Supplied data
* * * * *
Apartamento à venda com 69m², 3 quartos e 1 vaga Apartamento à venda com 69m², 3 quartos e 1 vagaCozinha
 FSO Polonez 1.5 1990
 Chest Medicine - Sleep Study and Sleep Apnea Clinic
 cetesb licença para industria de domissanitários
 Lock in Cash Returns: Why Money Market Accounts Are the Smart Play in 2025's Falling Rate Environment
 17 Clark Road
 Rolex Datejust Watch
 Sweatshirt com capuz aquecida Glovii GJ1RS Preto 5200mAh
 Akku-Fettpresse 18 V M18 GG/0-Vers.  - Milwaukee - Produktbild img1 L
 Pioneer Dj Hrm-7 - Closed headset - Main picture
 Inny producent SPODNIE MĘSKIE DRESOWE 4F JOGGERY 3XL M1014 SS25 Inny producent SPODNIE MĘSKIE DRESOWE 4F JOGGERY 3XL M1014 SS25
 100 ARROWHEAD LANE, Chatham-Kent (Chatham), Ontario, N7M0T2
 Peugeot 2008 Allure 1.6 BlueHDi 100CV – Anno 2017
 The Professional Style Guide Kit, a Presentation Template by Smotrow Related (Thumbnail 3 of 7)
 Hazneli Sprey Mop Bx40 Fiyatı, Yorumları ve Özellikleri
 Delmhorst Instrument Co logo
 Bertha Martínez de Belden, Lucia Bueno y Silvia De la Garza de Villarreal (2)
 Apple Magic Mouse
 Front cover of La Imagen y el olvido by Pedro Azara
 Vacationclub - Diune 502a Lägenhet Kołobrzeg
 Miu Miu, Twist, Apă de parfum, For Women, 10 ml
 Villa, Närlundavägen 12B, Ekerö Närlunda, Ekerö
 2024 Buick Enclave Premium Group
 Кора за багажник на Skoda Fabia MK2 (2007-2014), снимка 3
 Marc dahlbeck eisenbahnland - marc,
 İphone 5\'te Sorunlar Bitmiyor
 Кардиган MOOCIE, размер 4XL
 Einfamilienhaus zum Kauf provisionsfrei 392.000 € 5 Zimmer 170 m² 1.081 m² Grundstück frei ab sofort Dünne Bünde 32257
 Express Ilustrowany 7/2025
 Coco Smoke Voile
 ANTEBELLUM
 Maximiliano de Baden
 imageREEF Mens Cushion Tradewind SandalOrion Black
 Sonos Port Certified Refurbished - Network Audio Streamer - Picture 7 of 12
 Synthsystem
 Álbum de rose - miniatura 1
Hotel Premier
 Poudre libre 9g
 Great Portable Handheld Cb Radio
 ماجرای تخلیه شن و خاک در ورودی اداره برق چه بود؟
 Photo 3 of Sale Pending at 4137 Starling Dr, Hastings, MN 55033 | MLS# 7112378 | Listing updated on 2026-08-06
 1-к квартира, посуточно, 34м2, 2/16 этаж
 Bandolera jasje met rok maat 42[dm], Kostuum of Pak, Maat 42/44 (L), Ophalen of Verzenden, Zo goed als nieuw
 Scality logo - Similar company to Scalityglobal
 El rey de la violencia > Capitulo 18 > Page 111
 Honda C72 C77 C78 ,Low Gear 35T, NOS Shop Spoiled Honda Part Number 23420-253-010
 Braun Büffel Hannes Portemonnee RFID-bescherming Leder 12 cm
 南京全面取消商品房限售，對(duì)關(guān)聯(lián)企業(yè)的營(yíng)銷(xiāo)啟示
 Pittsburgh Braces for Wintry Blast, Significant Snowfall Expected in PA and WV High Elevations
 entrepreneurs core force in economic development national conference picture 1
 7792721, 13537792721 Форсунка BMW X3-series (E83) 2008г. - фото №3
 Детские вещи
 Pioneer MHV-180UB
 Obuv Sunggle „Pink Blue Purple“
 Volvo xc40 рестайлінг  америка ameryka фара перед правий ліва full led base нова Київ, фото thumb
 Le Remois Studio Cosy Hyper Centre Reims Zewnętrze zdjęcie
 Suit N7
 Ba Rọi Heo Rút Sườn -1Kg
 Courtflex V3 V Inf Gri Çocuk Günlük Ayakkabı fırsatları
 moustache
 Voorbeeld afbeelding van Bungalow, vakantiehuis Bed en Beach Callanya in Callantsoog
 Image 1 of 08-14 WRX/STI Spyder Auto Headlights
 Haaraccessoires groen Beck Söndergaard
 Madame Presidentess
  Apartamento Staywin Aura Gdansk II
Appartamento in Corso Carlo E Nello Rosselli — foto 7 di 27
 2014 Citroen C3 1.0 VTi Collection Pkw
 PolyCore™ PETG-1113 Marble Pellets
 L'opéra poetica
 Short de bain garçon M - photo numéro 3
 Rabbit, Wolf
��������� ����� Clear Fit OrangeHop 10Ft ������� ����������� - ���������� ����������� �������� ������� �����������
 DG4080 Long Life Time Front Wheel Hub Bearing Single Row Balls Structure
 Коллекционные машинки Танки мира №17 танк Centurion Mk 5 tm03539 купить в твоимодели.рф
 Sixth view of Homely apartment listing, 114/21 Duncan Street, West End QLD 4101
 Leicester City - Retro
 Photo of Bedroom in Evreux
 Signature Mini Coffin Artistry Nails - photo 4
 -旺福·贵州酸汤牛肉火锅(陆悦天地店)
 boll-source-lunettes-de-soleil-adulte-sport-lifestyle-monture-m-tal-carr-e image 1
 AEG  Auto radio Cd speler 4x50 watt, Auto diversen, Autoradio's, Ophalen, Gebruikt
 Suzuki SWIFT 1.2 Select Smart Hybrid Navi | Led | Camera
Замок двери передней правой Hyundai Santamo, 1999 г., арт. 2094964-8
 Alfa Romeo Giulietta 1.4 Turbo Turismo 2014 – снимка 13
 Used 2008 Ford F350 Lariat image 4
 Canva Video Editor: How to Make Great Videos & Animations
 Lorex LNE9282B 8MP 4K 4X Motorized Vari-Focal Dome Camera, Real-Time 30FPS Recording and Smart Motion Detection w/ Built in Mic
* * * * *
What is required
The entries above must be repeated word for word.

Written reply
Apartamento à venda com 69m², 3 quartos e 1 vaga Apartamento à venda com 69m², 3 quartos e 1 vagaCozinha
 FSO Polonez 1.5 1990
 Chest Medicine - Sleep Study and Sleep Apnea Clinic
 cetesb licença para industria de domissanitários
 Lock in Cash Returns: Why Money Market Accounts Are the Smart Play in 2025's Falling Rate Environment
 17 Clark Road
 Rolex Datejust Watch
 Sweatshirt com capuz aquecida Glovii GJ1RS Preto 5200mAh
 Akku-Fettpresse 18 V M18 GG/0-Vers.  - Milwaukee - Produktbild img1 L
 Pioneer Dj Hrm-7 - Closed headset - Main picture
 Inny producent SPODNIE MĘSKIE DRESOWE 4F JOGGERY 3XL M1014 SS25 Inny producent SPODNIE MĘSKIE DRESOWE 4F JOGGERY 3XL M1014 SS25
 100 ARROWHEAD LANE, Chatham-Kent (Chatham), Ontario, N7M0T2
 Peugeot 2008 Allure 1.6 BlueHDi 100CV – Anno 2017
 The Professional Style Guide Kit, a Presentation Template by Smotrow Related (Thumbnail 3 of 7)
 Hazneli Sprey Mop Bx40 Fiyatı, Yorumları ve Özellikleri
 Delmhorst Instrument Co logo
 Bertha Martínez de Belden, Lucia Bueno y Silvia De la Garza de Villarreal (2)
 Apple Magic Mouse
 Front cover of La Imagen y el olvido by Pedro Azara
 Vacationclub - Diune 502a Lägenhet Kołobrzeg
 Miu Miu, Twist, Apă de parfum, For Women, 10 ml
 Villa, Närlundavägen 12B, Ekerö Närlunda, Ekerö
 2024 Buick Enclave Premium Group
 Кора за багажник на Skoda Fabia MK2 (2007-2014), снимка 3
 Marc dahlbeck eisenbahnland - marc,
 İphone 5\'te Sorunlar Bitmiyor
 Кардиган MOOCIE, размер 4XL
 Einfamilienhaus zum Kauf provisionsfrei 392.000 € 5 Zimmer 170 m² 1.081 m² Grundstück frei ab sofort Dünne Bünde 32257
 Express Ilustrowany 7/2025
 Coco Smoke Voile
 ANTEBELLUM
 Maximiliano de Baden
 imageREEF Mens Cushion Tradewind SandalOrion Black
 Sonos Port Certified Refurbished - Network Audio Streamer - Picture 7 of 12
 Synthsystem
 Álbum de rose - miniatura 1
Hotel Premier
 Poudre libre 9g
 Great Portable Handheld Cb Radio
 ماجرای تخلیه شن و خاک در ورودی اداره برق چه بود؟
 Photo 3 of Sale Pending at 4137 Starling Dr, Hastings, MN 55033 | MLS# 7112378 | Listing updated on 2026-08-06
 1-к квартира, посуточно, 34м2, 2/16 этаж
 Bandolera jasje met rok maat 42[dm], Kostuum of Pak, Maat 42/44 (L), Ophalen of Verzenden, Zo goed als nieuw
 Scality logo - Similar company to Scalityglobal
 El rey de la violencia > Capitulo 18 > Page 111
 Honda C72 C77 C78 ,Low Gear 35T, NOS Shop Spoiled Honda Part Number 23420-253-010
 Braun Büffel Hannes Portemonnee RFID-bescherming Leder 12 cm
 南京全面取消商品房限售，對(duì)關(guān)聯(lián)企業(yè)的營(yíng)銷(xiāo)啟示
 Pittsburgh Braces for Wintry Blast, Significant Snowfall Expected in PA and WV High Elevations
 entrepreneurs core force in economic development national conference picture 1
 7792721, 13537792721 Форсунка BMW X3-series (E83) 2008г. - фото №3
 Детские вещи
 Pioneer MHV-180UB
 Obuv Sunggle „Pink Blue Purple“
 Volvo xc40 рестайлінг  америка ameryka фара перед правий ліва full led base нова Київ, фото thumb
 Le Remois Studio Cosy Hyper Centre Reims Zewnętrze zdjęcie
 Suit N7
 Ba Rọi Heo Rút Sườn -1Kg
 Courtflex V3 V Inf Gri Çocuk Günlük Ayakkabı fırsatları
 moustache
 Voorbeeld afbeelding van Bungalow, vakantiehuis Bed en Beach Callanya in Callantsoog
 Image 1 of 08-14 WRX/STI Spyder Auto Headlights
 Haaraccessoires groen Beck Söndergaard
 Madame Presidentess
  Apartamento Staywin Aura Gdansk II
Appartamento in Corso Carlo E Nello Rosselli — foto 7 di 27
 2014 Citroen C3 1.0 VTi Collection Pkw
 PolyCore™ PETG-1113 Marble Pellets
 L'opéra poetica
 Short de bain garçon M - photo numéro 3
 Rabbit, Wolf
��������� ����� Clear Fit OrangeHop 10Ft ������� ����������� - ���������� ����������� �������� ������� �����������
 DG4080 Long Life Time Front Wheel Hub Bearing Single Row Balls Structure
 Коллекционные машинки Танки мира №17 танк Centurion Mk 5 tm03539 купить в твоимодели.рф
 Sixth view of Homely apartment listing, 114/21 Duncan Street, West End QLD 4101
 Leicester City - Retro
 Photo of Bedroom in Evreux
 Signature Mini Coffin Artistry Nails - photo 4
 -旺福·贵州酸汤牛肉火锅(陆悦天地店)
 boll-source-lunettes-de-soleil-adulte-sport-lifestyle-monture-m-tal-carr-e image 1
 AEG  Auto radio Cd speler 4x50 watt, Auto diversen, Autoradio's, Ophalen, Gebruikt
 Suzuki SWIFT 1.2 Select Smart Hybrid Navi | Led | Camera
Замок двери передней правой Hyundai Santamo, 1999 г., арт. 2094964-8
 Alfa Romeo Giulietta 1.4 Turbo Turismo 2014 – снимка 13
 Used 2008 Ford F350 Lariat image 4
 Canva Video Editor: How to Make Great Videos & Animations
 Lorex LNE9282B 8MP 4K 4X Motorized Vari-Focal Dome Camera, Real-Time 30FPS Recording and Smart Motion Detection w/ Built in Mic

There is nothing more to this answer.